1. Bio-optical models of water quality in relation to habitat requirements (e.g., Gallegos 1994, 2001, Kenworthy & Gallegos 1996, Zimmerman 2003)

2. Growth measurements and morphology (plastochrone interval, morphometrics, short-shoot density) that have traditionally been used (reviewed by Short & Duarte 2001).

3. Biochemical markers of stress (amino acid composition, reduced sugar content, altered chl. a/b ratios, chl. fluorescence) that have recently been evaluated (Beer et al. 1998; Beer & Bjork 2000; Longstaff et al. 1999, Ralph et al. 1998, Ralph 1999).
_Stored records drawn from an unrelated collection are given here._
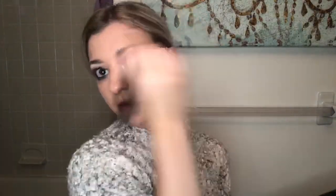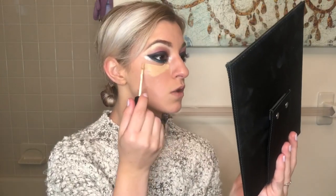Now I'm going to start doing foundation on the rest of my face. I'm using a foundation brush and going again with Kryolan Dermacolor D6W. Then I'm going to use a lighter concealer — about one to two shades lighter — underneath the eyes.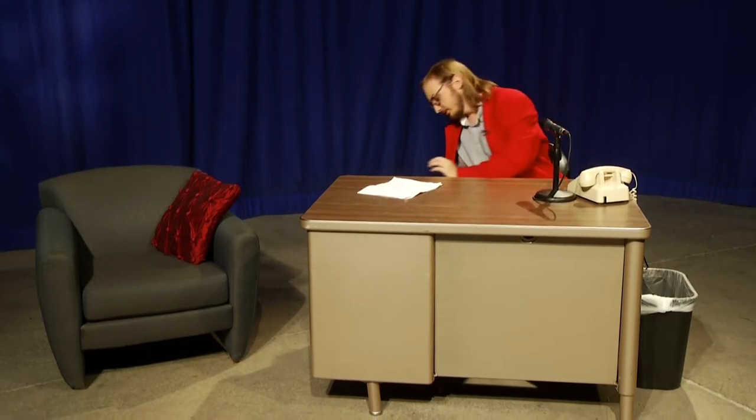Hey y'all, welcome to this edition of the Super Stefan Show. As you can tell, this is a week where morning Brandt is no longer with us due to an unrelated jet ski accident. We're gonna move on from the show, keep it going, get some entries in here, and see if we can find a new co-host. So without further ado, here we go.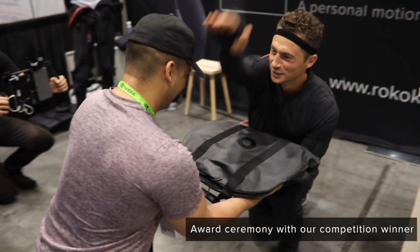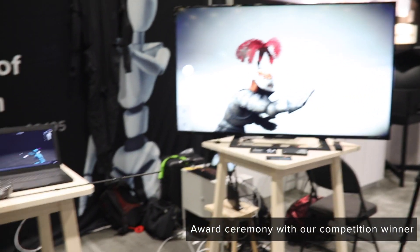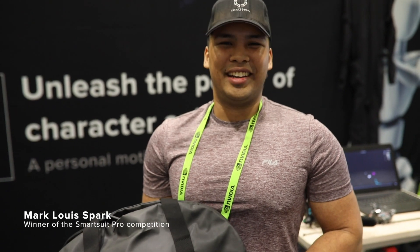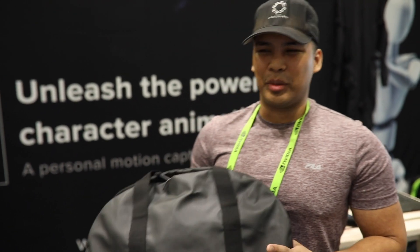You are now stepping into the brotherhood — off to the future of future culture. Hey guys, I'm here at SIGGRAPH with Rococo. I just got the smart suit, and I'm just stoked to try this out. I might even do it tonight, and I can't wait to start Dead the Hope. It's going to be amazing.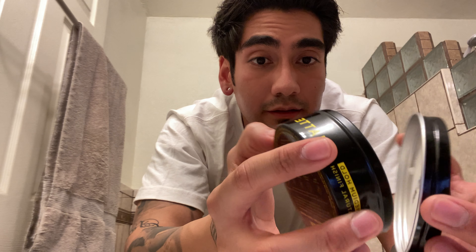It's like a creamy type of thing, so it's gonna mix in real good with no residue in your hair. It's pretty strong — I think it's pretty strong for the hold. The scent on this is pretty much like a mint, like a clean type of mint. Sometimes it kind of smells like toothpaste, but yeah.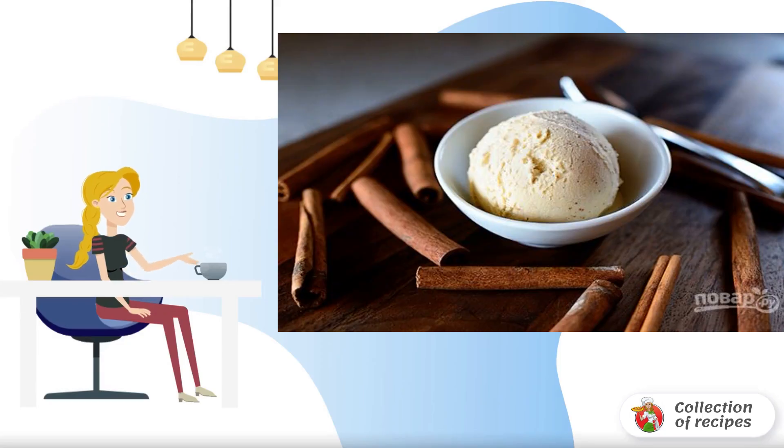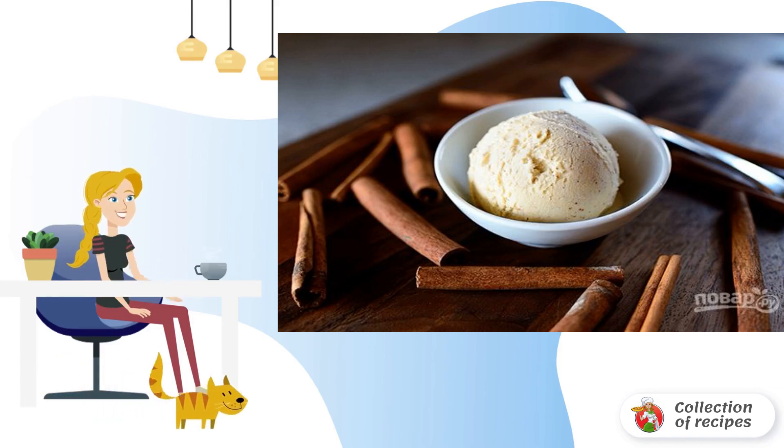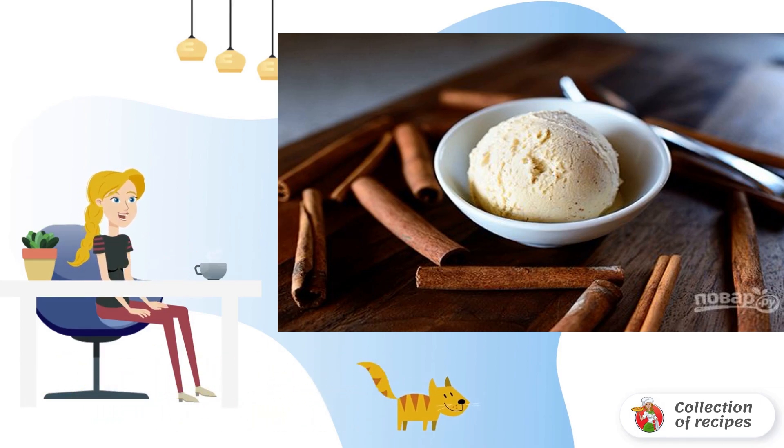Very fragrant and delicate ice cream. It is even slightly porous due to whipping just before freezing. True, a little nuts would not hurt, but this is for an amateur.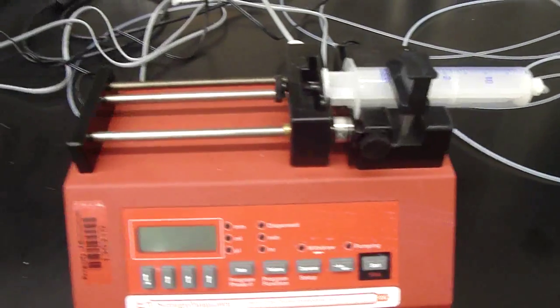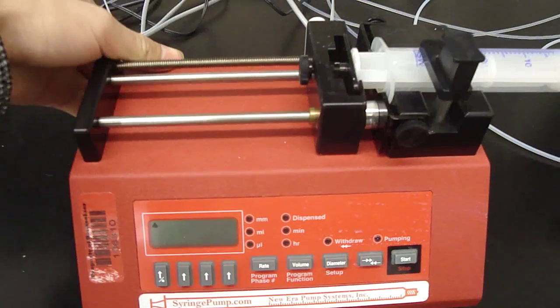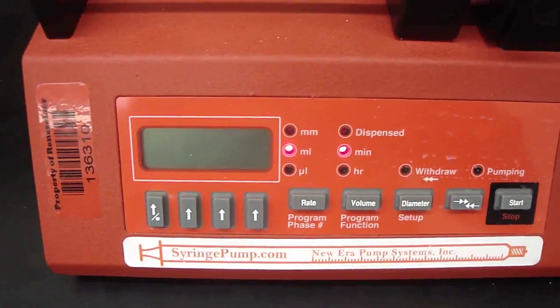In this video, I will show you how to use this syringe pump. So first, you turn it on. As you can see here, there is a display screen on the left and four arrows under it.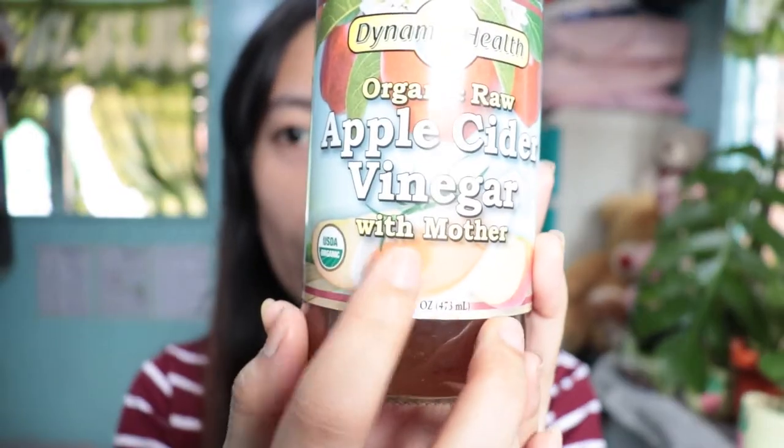It's very important that if you are going to purchase an Apple Cider Vinegar that is not Bragg, make sure that it has the label 'with mother.' How do you know if it has a mother? If you shake the bottle and look for floating objects — usually brownish, cotton-like, cloudy particles floating inside — that is the mother. That's one of the things you have to look for in a raw Apple Cider Vinegar.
      We are currently focusing on applying all three approaches to understanding the physiological and growth responses of seagrasses to light limitation stress. Our emphasis is to understand photophysiology to compliment growth and biochemical metrics, and synthesizing this information by defining appropriate conditions for seagrass survival and reproduction for the bio-optical model. Light availability to benthic seagrasses has been determined to be the major criterion limiting the distribution of seagrass under otherwise appropriate conditions. Certain water quality criteria, particularly the optical water quality needed for the survival and growth of seagrasses has been the subject of considerable research (Neckles et al. 1994, Kenworthy & Haunert 1991b, Kaldy & Dunton 1993, Dennison et al. 1993, Gallegos & Kenworthy 1996, Kenworthy & Fonseca 1996). A general conclusion of those workshops and research programs was that water column transmissivity needs to be greatly increased in order to provide light conditions suitable for the survival of most seagrasses (Dennison et al. 1993, Kenworthy & Fonseca 1996, Moore et al. 1996, Batiuk et al. 2000). Most current approaches do not address the integrated light requirements of seagrass, focusing instead on "instantaneous" measures of irradiance flux, and seagrass photosynthetic rates. This approach makes implicit that cumulative stress effects are disregarded, so that important questions regarding how the duration of exposure or the frequency of exposure to a given level of environmental degradation might influence survival of the seagrasses are overlooked. Only recently has the frequency and duration of stressful conditions started to be investigated for the survival of seagrass (Moore et al. 1996, Onuf 1996). We focus particularly on light stress and determine integrated (cumulative) light thresholds for seagrass survival and growth-to-reproduction, as well as the importance of the duration and frequency of acute attenuation events; analogous to storms resulting in turbid runoff plumes, or eutrophication resulting in increased phytoplankton blooms.